The plot above illustrates the separation of classes after the t-SNE approach. As you can see, there are some outliers, but overall there is relatively clear class separation. Let's try experimenting with the perplexity hyperparameter below.

In [136]:
perplexity = np.arange(5,55,5) # Hyperparameter which is essentially an estimate for the number of nearest neighbors for east point.
kl = []

for i in perplexity:
    model = TSNE(n_components=2 ,init='pca', perplexity=i)
    reduced = model.fit_transform(df.drop('status',axis=1))
    kl.append(model.kl_divergence_)
    
plt.figure(figsize=(6,4),dpi=100)
plt.plot(perplexity,kl,marker='s',color='red',lw=1)
plt.title('KL Divergence After t-SNE Optimization for Varying Perplexity Values')
plt.ylabel('Divergence')
plt.xlabel('Perplexity Values')
plt.show()

In [135]:
# Let's try perplexity = 50, since it produced the lowest divergence
model = TSNE(n_components=2 ,init='pca', perplexity=50)
reduced = model.fit_transform(df.drop('status',axis=1))
pex.scatter(x=reduced[:,0],y=reduced[:,1],color=df['status'], color_continuous_scale=pex.colors.sequential.Viridis)

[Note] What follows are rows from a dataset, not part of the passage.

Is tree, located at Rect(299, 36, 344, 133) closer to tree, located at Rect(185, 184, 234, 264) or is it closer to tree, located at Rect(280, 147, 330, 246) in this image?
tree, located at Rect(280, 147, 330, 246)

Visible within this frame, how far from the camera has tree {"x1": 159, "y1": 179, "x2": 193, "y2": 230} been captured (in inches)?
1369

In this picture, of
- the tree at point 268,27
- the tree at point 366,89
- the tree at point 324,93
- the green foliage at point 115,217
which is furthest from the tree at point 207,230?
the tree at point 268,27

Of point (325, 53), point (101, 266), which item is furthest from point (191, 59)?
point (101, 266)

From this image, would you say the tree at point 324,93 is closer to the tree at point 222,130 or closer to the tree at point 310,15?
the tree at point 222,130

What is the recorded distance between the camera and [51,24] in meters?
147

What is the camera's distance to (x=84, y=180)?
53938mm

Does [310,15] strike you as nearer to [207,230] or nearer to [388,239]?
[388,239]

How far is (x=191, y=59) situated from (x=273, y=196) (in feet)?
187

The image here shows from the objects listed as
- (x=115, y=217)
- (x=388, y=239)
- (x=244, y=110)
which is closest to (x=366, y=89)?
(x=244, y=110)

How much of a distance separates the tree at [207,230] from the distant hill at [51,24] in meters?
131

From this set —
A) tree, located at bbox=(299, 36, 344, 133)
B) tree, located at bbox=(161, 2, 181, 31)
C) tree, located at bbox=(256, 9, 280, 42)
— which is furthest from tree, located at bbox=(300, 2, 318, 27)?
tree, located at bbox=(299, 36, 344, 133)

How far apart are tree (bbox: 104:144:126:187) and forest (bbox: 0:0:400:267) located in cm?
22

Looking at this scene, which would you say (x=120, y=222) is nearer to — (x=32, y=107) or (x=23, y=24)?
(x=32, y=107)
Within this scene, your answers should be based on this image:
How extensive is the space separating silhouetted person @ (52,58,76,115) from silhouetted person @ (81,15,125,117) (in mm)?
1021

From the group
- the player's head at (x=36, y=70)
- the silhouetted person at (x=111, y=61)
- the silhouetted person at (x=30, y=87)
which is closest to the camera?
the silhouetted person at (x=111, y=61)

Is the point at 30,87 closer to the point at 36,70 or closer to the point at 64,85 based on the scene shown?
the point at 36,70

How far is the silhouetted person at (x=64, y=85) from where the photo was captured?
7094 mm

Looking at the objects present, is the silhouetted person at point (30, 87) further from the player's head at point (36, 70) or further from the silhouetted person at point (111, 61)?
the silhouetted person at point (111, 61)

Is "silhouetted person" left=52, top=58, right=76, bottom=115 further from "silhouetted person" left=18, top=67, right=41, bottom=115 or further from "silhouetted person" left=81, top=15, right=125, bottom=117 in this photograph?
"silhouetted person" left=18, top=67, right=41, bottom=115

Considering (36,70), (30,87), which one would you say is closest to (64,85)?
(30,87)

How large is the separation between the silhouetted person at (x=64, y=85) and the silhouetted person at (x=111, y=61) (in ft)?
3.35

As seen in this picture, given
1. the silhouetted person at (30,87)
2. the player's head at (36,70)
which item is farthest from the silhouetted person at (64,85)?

## Linear Discriminant Analysis
LDA is another dimensionality reduction. Like PCA, it involves projecting the data onto axes; however, its goal is to choose axes that maximize class separability and minimize intra-class scatter simultaneously. With a binary-class dataset, the data will be projected onto a line.
With a n-class dataset, the data will be projected onto an (n-1)-dimensional-space.

In [138]:
from sklearn.discriminant_analysis import LinearDiscriminantAnalysis as lda

model = lda(n_components=1) # n_components in this case is 1 less than the number of classes.

In [139]:
newData = model.fit_transform(df.drop('status', axis=1), df['status'])
newData = pd.DataFrame([newData[:,0],df['status']])
newData = newData.T
newData['y'] = [0 for _ in range(newData.shape[0])]

In [140]:
model.explained_variance_ratio_ # Variance of data explained by the axis projected upon

In [141]:
pex.scatter(newData, x=0, y='y', color=1, color_continuous_scale=pex.colors.sequential.Viridis)

This plot shows the difference in class distributions for the data projected on a single axis. Overall, we have relatively clear separation. Following from this, LDA can also be used as a classifier in addition to a dimensionality reduction technique.

In [142]:
plt.figure(figsize=(10,6))
sns.heatmap(model.coef_, xticklabels=df.drop('status',axis=1).columns,cmap = 'coolwarm')
plt.show()

Here, you can see the feature importances associated with this class; mean radius stands out the most.